Segment Open

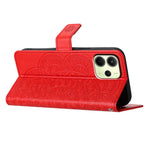 For Xiaomi Redmi Note 14 4G (163.25mm) Wallet Phone Case Butterfly Floral Imprint Leather Flip Cover with Strap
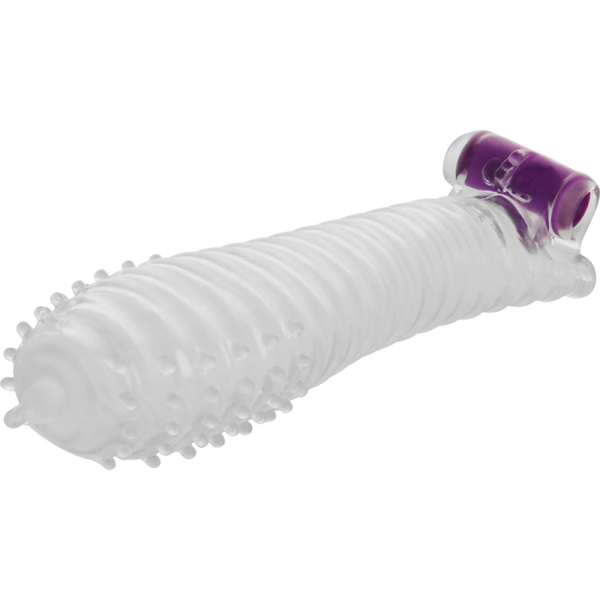 OHMAMA TEXTURED PENIS SLEEVE WITH VIBRATING BULLET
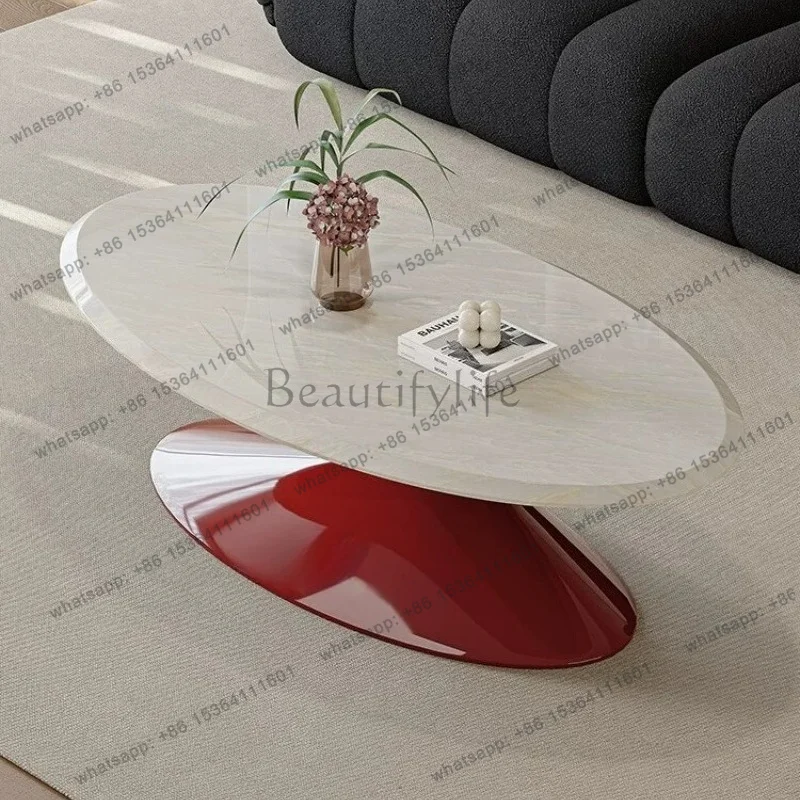 LDCream Wind Marble Coffee Table Designer Living Room High-end Stainless Steel Side Tables Living Room Furniture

Segment Closed

> [About this task] When you restate the listing, keep every word as it is and drop the pictures.

> [Problem solution]
 For Xiaomi Redmi Note 14 4G (163.25mm) Wallet Phone Case Butterfly Floral Imprint Leather Flip Cover with Strap
 OHMAMA TEXTURED PENIS SLEEVE WITH VIBRATING BULLET
 LDCream Wind Marble Coffee Table Designer Living Room High-end Stainless Steel Side Tables Living Room Furniture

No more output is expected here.